Birds will never be done terrorizing the human race, as is their right. The latest squad to join their ranks is a highly strategic pack of seagulls based in Venice who have brought mayhem to the alfresco dining scene at luxury hotels, stealing pastries and ribeyes with abandon.
Apparently these very aggressive and discerning gulls are snatching up all kinds of gourmet fare. One man had a croissant ripped from his hand just as he was lifting it to his mouth, while another saw his steak seized and lifted into the air seconds after the waiter took the lid off its serving platter.
Because seagulls are, for some reason, a protected species, getting rid of them is harder than you might think. They are so far undeterred by fake-owl statues, sounds inaudible to humans that the seagulls would find annoying, and even falcons. However, there’s at least one thing that puts the fear of God into a seagull: plastic water guns.

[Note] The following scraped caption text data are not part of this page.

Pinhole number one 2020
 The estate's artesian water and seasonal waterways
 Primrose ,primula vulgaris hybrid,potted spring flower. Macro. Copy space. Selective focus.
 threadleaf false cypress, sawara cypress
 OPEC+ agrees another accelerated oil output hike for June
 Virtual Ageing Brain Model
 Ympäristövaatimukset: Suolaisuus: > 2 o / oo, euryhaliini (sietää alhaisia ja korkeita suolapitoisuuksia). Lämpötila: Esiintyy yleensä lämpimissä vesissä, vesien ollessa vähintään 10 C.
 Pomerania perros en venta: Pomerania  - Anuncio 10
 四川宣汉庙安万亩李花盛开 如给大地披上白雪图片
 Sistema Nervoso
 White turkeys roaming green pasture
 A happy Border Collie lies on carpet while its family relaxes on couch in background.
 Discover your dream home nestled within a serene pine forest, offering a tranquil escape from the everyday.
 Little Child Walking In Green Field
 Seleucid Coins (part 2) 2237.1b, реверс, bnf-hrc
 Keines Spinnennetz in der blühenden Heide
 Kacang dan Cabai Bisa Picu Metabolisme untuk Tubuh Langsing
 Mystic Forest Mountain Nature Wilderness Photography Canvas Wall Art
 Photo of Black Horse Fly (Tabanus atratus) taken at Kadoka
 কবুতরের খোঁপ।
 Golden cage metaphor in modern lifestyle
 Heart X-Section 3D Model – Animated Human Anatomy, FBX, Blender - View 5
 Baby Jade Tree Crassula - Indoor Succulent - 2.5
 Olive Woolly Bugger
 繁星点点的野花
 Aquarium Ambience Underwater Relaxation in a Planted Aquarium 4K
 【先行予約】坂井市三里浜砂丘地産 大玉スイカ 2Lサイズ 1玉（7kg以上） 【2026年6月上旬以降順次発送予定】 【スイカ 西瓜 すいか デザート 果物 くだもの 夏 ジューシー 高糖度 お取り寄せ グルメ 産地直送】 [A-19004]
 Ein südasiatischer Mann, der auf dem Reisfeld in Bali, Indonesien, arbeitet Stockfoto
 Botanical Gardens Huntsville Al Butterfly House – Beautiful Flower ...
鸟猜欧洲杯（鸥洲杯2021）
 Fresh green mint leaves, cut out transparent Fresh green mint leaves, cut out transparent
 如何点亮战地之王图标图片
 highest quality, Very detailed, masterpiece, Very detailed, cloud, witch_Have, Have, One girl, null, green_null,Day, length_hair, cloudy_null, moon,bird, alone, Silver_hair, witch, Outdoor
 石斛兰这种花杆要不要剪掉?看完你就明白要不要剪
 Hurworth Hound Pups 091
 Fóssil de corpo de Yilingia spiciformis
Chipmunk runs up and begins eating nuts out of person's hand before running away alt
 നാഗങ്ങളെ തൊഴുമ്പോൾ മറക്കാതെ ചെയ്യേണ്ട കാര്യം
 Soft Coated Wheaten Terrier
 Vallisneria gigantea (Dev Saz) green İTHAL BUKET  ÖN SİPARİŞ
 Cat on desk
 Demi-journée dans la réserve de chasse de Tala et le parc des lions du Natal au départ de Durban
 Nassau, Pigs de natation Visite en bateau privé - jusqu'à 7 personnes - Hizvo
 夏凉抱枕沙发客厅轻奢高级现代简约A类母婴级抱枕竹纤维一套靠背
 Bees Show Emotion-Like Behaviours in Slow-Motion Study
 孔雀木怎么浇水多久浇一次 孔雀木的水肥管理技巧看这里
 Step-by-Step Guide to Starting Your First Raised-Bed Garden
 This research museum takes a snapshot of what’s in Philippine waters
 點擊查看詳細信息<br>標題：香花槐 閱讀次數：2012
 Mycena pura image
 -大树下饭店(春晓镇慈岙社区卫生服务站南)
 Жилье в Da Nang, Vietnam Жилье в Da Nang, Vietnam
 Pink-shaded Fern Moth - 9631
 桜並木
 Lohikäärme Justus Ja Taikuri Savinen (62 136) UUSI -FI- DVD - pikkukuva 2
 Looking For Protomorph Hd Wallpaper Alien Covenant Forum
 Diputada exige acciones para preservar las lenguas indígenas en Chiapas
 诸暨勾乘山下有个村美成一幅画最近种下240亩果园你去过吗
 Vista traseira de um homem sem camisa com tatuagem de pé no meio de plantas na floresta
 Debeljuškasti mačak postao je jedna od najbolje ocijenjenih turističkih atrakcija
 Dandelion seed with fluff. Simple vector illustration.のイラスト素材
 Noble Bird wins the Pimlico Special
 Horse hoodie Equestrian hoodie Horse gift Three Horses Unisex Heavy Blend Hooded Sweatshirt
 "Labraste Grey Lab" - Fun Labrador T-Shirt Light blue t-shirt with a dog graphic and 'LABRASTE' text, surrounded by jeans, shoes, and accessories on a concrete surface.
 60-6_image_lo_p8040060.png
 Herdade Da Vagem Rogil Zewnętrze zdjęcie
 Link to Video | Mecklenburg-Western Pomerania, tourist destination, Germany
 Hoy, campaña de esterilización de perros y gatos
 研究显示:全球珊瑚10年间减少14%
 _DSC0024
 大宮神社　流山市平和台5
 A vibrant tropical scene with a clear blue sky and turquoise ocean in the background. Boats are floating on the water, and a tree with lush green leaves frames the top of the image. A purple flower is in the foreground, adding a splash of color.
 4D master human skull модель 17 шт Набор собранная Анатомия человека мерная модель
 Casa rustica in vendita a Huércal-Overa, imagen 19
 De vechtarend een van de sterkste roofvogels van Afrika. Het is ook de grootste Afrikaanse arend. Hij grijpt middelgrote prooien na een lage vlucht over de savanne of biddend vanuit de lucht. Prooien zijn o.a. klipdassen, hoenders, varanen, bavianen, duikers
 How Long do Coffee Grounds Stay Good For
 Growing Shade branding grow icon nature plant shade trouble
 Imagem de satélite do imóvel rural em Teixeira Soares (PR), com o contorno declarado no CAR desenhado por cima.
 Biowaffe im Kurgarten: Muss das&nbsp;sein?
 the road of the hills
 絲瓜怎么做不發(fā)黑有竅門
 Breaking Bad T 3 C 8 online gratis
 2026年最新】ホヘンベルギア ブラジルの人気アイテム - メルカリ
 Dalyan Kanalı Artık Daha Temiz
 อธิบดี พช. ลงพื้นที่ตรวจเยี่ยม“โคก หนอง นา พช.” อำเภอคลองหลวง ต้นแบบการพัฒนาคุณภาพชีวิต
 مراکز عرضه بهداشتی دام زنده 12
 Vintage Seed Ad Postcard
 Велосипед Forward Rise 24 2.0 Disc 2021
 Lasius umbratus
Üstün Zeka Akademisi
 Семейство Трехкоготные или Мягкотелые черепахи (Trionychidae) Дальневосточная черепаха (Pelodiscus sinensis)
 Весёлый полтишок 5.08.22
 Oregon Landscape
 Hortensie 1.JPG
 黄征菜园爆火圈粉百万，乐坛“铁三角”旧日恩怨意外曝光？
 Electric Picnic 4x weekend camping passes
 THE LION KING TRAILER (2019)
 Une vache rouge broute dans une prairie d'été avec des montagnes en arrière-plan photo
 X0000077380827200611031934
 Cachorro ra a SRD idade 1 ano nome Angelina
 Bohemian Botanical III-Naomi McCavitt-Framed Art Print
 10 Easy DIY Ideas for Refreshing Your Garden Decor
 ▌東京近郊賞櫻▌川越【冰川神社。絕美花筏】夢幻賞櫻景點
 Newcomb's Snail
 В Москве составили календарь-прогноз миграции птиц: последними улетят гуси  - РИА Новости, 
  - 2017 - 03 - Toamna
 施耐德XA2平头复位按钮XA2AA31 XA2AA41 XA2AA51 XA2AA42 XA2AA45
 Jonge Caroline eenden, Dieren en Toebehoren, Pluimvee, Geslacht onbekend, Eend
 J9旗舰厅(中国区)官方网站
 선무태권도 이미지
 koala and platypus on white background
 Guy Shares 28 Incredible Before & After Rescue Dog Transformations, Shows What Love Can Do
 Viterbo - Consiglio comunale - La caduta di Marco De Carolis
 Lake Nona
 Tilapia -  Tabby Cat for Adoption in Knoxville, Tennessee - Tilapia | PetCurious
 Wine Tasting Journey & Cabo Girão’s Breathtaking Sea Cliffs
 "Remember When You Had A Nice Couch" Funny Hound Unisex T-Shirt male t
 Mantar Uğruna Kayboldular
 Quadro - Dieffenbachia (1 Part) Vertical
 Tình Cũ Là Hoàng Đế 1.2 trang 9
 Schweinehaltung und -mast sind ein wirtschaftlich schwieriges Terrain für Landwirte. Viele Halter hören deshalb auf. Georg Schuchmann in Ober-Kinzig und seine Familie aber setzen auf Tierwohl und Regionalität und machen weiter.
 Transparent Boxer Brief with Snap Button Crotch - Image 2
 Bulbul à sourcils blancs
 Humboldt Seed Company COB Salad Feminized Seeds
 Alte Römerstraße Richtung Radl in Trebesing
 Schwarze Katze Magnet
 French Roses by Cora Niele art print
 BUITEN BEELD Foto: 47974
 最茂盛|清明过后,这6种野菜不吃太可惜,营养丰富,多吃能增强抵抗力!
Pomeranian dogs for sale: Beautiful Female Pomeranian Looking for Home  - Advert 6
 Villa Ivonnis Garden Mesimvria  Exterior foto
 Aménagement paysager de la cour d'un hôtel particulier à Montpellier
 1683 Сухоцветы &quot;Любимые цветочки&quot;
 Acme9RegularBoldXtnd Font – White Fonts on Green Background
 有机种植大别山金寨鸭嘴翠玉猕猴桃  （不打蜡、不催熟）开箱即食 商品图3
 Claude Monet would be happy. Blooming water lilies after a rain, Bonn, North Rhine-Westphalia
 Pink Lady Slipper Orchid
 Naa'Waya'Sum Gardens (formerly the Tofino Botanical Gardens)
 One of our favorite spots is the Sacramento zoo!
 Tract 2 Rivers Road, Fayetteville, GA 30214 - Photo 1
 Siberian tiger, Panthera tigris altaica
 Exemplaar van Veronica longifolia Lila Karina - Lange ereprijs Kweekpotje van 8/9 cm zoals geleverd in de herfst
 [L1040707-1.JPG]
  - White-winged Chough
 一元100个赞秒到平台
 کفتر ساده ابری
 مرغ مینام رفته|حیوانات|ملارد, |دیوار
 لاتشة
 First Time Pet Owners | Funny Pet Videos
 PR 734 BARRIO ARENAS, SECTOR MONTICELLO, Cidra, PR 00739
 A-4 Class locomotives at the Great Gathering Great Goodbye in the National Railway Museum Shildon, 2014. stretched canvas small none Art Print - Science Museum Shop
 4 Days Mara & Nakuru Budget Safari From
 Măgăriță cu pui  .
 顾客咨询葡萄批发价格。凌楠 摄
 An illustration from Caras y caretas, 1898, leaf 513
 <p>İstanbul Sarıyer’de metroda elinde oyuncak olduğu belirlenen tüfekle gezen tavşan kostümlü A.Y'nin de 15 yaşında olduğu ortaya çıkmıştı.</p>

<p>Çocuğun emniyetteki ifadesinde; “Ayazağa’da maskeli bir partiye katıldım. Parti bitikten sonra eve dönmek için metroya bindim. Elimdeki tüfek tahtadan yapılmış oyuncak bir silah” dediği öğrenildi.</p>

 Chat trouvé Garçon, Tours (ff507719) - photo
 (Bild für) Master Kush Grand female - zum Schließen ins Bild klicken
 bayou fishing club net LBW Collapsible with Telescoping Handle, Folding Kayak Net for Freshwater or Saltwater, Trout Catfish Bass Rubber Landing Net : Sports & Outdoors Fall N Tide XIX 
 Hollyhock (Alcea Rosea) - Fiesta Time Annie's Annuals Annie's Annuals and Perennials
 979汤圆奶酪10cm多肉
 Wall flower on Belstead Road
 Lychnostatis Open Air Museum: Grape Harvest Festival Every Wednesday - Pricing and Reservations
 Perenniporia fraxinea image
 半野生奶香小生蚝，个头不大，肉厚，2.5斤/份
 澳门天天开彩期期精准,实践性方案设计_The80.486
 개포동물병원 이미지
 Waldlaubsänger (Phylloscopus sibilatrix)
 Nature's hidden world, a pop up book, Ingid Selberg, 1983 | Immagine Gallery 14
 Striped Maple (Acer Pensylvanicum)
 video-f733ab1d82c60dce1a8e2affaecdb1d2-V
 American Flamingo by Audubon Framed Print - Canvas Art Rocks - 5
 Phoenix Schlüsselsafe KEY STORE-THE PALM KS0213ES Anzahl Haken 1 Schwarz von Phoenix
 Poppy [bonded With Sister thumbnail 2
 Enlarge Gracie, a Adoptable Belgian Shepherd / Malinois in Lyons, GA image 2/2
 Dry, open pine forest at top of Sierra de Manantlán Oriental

According to the Times, hotels are now leaving brightly colored squirt guns on the tables alongside the silverware and encouraging their diners to fend the seagulls off by shooting water at them. This seems a little confusing since seagulls spend most of their time near oceans, which give off a considerable amount of spray, but hey, if it works, it works. I’ve had my fair share of beach hot dogs robbed, so I can only imagine the pain of losing a buttery croissant to a flying rodent. Plus shooting water at pesky birds — or your fellow diners — sounds more entertaining than your usual canal side brunch.
At this point, hotel owners say that just leaving the water guns on the table is enough to deter the birds, who will just have to settle for croissant crumbs now. Maybe they can relocate to Paris?